··· Dataset

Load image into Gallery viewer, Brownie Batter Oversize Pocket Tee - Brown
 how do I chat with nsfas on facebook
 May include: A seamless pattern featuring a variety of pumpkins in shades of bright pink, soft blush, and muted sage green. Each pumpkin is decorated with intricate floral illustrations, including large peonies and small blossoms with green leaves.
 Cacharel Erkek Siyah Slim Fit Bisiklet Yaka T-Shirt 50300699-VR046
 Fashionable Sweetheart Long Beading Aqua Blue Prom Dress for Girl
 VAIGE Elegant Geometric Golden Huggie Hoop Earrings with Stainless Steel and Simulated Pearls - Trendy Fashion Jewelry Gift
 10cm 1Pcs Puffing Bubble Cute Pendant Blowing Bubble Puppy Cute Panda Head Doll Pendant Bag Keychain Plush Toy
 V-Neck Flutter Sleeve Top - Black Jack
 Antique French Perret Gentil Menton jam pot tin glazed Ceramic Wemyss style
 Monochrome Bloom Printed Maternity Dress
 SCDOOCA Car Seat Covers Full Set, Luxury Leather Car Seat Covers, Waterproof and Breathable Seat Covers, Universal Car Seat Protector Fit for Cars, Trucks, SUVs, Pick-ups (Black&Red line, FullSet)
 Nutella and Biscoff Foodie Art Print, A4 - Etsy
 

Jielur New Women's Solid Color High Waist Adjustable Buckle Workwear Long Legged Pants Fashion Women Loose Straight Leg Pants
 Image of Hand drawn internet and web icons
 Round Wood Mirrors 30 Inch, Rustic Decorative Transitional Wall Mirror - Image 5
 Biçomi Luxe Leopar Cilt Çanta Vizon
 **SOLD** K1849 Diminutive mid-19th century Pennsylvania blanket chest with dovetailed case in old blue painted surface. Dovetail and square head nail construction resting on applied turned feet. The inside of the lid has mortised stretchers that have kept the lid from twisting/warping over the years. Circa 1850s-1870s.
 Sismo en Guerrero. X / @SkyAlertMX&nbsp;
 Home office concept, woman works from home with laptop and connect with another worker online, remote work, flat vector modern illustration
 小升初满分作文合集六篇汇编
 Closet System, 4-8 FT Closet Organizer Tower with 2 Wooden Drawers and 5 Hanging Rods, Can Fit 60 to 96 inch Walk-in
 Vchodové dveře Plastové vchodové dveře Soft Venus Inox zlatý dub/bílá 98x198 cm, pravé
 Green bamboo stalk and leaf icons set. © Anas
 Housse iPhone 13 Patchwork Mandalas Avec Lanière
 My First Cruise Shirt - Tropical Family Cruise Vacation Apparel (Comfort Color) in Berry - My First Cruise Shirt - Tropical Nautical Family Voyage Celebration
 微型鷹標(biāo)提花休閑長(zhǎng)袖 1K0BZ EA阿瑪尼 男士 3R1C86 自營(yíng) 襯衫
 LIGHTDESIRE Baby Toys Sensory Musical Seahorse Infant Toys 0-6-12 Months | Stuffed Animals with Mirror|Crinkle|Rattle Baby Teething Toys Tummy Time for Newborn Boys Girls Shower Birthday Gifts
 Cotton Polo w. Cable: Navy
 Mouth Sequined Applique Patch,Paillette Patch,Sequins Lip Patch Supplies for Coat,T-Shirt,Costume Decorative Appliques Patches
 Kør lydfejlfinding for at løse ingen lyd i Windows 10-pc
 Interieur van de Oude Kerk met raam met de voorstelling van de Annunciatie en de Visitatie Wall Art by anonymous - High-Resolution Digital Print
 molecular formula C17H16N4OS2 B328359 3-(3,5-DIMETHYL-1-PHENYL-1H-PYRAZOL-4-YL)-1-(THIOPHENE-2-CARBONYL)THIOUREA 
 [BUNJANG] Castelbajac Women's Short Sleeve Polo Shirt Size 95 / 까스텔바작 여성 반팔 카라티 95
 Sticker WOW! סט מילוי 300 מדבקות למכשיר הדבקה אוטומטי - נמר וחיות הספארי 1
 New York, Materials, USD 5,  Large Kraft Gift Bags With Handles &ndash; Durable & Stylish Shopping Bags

······

**Try it**
Everything starting at the line containing "Jielur New Women's" and ending at the line containing "My First Cruise Shirt - Tropical Family" in the records above should be repeated exactly, and only that.

**Answer for the task**
Jielur New Women's Solid Color High Waist Adjustable Buckle Workwear Long Legged Pants Fashion Women Loose Straight Leg Pants
 Image of Hand drawn internet and web icons
 Round Wood Mirrors 30 Inch, Rustic Decorative Transitional Wall Mirror - Image 5
 Biçomi Luxe Leopar Cilt Çanta Vizon
 **SOLD** K1849 Diminutive mid-19th century Pennsylvania blanket chest with dovetailed case in old blue painted surface. Dovetail and square head nail construction resting on applied turned feet. The inside of the lid has mortised stretchers that have kept the lid from twisting/warping over the years. Circa 1850s-1870s.
 Sismo en Guerrero. X / @SkyAlertMX&nbsp;
 Home office concept, woman works from home with laptop and connect with another worker online, remote work, flat vector modern illustration
 小升初满分作文合集六篇汇编
 Closet System, 4-8 FT Closet Organizer Tower with 2 Wooden Drawers and 5 Hanging Rods, Can Fit 60 to 96 inch Walk-in
 Vchodové dveře Plastové vchodové dveře Soft Venus Inox zlatý dub/bílá 98x198 cm, pravé
 Green bamboo stalk and leaf icons set. © Anas
 Housse iPhone 13 Patchwork Mandalas Avec Lanière
 My First Cruise Shirt - Tropical Family Cruise Vacation Apparel (Comfort Color) in Berry - My First Cruise Shirt - Tropical Nautical Family Voyage Celebration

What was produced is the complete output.